Easy Egg Drop Soup


We probably should have spent the weekend doing things in the house, but I had a 10 year high reunion to get to…plus, I wanted to visit my parents to celebrate my b-day.


I made a quick meal from the pantry/freezer – egg drop soup (mom’s recipe) and thai veggie dumplings (from the frozen food aisle in Trader Joe’s)

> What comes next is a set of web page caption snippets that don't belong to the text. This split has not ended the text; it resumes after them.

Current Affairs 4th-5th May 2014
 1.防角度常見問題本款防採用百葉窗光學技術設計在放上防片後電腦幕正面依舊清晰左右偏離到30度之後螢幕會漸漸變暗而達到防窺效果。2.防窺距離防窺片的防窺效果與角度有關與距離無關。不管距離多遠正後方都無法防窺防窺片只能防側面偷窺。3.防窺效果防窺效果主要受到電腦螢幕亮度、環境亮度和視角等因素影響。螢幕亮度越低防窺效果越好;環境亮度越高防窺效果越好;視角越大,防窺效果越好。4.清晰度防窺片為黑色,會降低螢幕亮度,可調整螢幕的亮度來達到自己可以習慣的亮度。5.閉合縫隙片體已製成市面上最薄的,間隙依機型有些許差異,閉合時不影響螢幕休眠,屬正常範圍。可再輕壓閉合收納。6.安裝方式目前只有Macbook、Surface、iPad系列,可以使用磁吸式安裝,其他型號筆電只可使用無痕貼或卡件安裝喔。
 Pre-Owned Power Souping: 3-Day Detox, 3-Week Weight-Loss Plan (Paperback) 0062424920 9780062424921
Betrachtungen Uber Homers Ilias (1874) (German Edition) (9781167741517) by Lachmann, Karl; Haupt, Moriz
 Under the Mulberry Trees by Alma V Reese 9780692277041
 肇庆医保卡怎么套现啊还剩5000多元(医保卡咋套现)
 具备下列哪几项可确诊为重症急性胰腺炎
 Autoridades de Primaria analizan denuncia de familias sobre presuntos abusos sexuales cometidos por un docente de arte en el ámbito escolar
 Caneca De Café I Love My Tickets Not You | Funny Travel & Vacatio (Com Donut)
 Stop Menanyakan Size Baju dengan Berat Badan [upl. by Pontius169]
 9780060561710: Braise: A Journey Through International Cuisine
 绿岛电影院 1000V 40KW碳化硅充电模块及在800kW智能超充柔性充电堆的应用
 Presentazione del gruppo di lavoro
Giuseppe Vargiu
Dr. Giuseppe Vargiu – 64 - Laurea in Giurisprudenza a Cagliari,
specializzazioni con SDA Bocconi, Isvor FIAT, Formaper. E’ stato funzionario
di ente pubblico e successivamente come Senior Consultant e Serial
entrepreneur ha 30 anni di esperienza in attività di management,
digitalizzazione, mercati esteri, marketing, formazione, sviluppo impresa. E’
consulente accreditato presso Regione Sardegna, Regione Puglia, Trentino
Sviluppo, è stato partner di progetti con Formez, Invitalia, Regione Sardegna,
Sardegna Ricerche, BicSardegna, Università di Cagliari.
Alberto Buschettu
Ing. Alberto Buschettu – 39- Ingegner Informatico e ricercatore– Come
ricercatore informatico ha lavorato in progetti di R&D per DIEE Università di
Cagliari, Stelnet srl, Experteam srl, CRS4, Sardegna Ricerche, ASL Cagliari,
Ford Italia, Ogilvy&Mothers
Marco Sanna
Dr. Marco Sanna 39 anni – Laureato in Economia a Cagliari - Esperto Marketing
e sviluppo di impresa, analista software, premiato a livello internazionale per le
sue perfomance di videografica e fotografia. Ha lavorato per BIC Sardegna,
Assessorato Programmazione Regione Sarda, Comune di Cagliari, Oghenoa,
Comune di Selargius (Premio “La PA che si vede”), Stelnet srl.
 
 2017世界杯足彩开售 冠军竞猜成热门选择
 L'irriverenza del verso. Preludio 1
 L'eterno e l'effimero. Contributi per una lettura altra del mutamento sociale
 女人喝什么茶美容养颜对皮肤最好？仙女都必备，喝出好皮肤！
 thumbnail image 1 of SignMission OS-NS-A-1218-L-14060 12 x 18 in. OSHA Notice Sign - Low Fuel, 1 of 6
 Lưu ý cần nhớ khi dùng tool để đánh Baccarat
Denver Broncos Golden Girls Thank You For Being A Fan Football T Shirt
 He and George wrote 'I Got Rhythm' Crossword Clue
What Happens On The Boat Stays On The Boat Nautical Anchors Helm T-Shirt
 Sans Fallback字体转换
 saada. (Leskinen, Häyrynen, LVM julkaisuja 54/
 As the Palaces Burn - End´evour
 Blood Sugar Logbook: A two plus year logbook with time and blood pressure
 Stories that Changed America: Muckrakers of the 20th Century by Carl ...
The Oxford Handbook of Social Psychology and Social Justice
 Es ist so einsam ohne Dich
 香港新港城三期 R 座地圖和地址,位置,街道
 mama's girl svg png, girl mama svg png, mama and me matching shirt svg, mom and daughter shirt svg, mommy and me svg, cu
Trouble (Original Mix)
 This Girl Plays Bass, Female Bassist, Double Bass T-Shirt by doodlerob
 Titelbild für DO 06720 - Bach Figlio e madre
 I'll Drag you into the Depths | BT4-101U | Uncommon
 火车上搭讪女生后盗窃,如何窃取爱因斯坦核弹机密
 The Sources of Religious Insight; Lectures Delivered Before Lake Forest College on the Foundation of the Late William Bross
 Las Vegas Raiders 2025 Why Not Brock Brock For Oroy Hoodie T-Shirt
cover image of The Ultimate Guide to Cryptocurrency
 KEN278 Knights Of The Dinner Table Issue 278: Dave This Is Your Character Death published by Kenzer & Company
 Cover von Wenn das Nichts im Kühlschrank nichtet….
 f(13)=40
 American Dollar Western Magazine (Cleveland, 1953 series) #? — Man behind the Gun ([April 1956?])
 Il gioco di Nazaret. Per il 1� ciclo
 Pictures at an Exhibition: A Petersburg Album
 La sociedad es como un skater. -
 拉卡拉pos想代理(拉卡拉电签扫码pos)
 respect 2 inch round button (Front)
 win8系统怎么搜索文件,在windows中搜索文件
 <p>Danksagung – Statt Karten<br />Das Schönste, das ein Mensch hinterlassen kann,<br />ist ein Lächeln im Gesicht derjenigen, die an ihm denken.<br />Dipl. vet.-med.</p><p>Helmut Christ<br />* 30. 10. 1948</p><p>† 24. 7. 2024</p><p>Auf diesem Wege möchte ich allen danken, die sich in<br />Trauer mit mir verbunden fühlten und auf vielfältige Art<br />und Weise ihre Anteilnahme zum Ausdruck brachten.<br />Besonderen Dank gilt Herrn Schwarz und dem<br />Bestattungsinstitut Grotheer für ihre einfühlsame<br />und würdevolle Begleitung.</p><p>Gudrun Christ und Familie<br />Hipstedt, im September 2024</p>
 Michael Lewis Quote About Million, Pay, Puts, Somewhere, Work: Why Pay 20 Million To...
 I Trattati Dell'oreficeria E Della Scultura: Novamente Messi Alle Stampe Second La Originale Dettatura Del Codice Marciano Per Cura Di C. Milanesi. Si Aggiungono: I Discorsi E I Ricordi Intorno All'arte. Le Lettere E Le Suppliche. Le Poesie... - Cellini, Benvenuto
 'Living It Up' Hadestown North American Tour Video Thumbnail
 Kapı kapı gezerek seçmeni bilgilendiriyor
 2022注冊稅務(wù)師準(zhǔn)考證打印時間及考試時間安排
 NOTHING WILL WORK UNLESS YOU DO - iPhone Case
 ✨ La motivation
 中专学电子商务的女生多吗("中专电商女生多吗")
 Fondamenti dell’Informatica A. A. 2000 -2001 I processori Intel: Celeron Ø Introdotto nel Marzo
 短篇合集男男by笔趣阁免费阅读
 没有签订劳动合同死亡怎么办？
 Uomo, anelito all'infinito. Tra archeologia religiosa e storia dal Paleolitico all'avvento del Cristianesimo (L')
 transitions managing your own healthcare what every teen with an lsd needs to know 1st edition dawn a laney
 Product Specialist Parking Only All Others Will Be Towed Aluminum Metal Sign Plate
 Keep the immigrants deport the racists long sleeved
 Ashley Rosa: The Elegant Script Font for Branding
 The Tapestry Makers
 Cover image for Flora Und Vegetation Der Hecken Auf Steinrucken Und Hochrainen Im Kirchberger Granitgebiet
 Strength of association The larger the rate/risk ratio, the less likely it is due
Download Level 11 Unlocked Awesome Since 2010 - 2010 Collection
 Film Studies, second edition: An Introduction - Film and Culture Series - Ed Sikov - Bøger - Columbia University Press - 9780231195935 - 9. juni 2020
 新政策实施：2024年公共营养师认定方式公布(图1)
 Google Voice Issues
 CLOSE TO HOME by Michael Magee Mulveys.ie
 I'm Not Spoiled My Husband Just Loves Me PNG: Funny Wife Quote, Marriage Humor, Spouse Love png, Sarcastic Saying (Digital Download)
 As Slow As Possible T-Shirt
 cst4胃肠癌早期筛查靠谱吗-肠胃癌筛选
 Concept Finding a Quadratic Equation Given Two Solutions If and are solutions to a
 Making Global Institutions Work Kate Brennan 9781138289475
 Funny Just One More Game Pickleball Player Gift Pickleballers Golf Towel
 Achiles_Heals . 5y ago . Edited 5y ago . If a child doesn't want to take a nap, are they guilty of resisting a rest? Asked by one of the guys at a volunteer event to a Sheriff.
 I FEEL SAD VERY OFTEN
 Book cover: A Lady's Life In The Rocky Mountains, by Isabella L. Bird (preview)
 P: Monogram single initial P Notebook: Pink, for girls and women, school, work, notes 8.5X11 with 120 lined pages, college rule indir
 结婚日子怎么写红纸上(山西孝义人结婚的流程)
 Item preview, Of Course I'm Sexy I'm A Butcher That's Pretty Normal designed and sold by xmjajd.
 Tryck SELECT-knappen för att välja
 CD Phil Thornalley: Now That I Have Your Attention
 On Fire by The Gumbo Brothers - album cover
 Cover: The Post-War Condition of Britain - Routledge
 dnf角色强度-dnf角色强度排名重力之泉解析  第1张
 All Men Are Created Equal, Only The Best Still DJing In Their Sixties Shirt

I love these style soup spoons for my Asian-style meals.

Egg Drop Soup
by mom
serves 1


  • 1 can chicken broth
  • 1 egg
  • 1 tsp corn starch
  • 1-2 tbsp water
  • soy sauce


  1. Pour chicken broth into a small pot and bring to a boil over medium heat.
  2. Break egg into a small bowl and whisk with a fork until blended (as though you were going to make scrambled eggs)
  3. Mix corn starch with a bit of water, enough to dissolve corn starch, and set aside.
  4. When broth starts to boil, add the corn starch mixture to the pot and stir.
  5. Bring to boil again. Once boiling, pour a bit of the egg mixture (about 3-4 tbsp worth) into the boiling broth and gently whisk with your fork to create strands of cooked egg in the broth. Continue to pour a bit of the egg and gently and very lightly pass the fork through the egg so it doesn’t clump up. Repeat this until all the egg mixture is gone.
  6. Pour soup into a bowl, season with soy sauce to taste, and enjoy!